Gradient of Gaussian entropy w.r.t. $W$

96 Views Asked by At

I have been struggling with deriving a gradient in matrix form for the following function. (w.r.t. $w$)

$$ H(w) = \sum_{i = 1}^{n} p(y_i - x_i^T*w) \log (p(y_i - x_i^T w)) $$

where $$p(x)$$ is the Gaussian,

$$ p(x) = \frac{1}{\sqrt{2 \pi \sigma^2}} \exp(-\frac{x}{2 \sigma^2}) $$

$X$ is $n \times m$, $y$ is $n \times 1$ and $w$ is $m \times 1$

So far I have used the chain rule to figure out the derivative but the dimensions do not add up if I want the gradient for $w$. How can I obtain this gradient w.r.t. $w$?

1

There are 1 best solutions below

0
On

Let $z = y - X w $ (where $y,z,w$ are column vectors)

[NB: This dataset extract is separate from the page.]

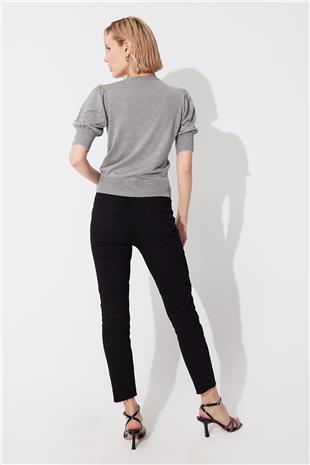 Grey crew neck Balloon Sleeve Knit SweaterSWK4644GR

Then $z_i = y_i - \sum_j w_j X_{i,j} = y_i-x_i^T w $ (where $x_i$ is the $i-$ row of $X$) and $$\frac{\partial z_i }{\partial w_j}=-X_{i,j}$$

Recall that $ (p \log p) ' = (\log p +1) p'$

Then $$\frac{\partial H(w)}{\partial w_j}= - \sum_i (\log(p(z_i)+1) \frac{\partial p(z_i)}{\partial z_i} X_{i,j} $$

$$\frac{\partial H(w)}{\partial w} = - X^T s$$

where $s_i = (\log(p(z_i)+1) \frac{\partial p(z_i)}{\partial z_i}$

Can you go on from here?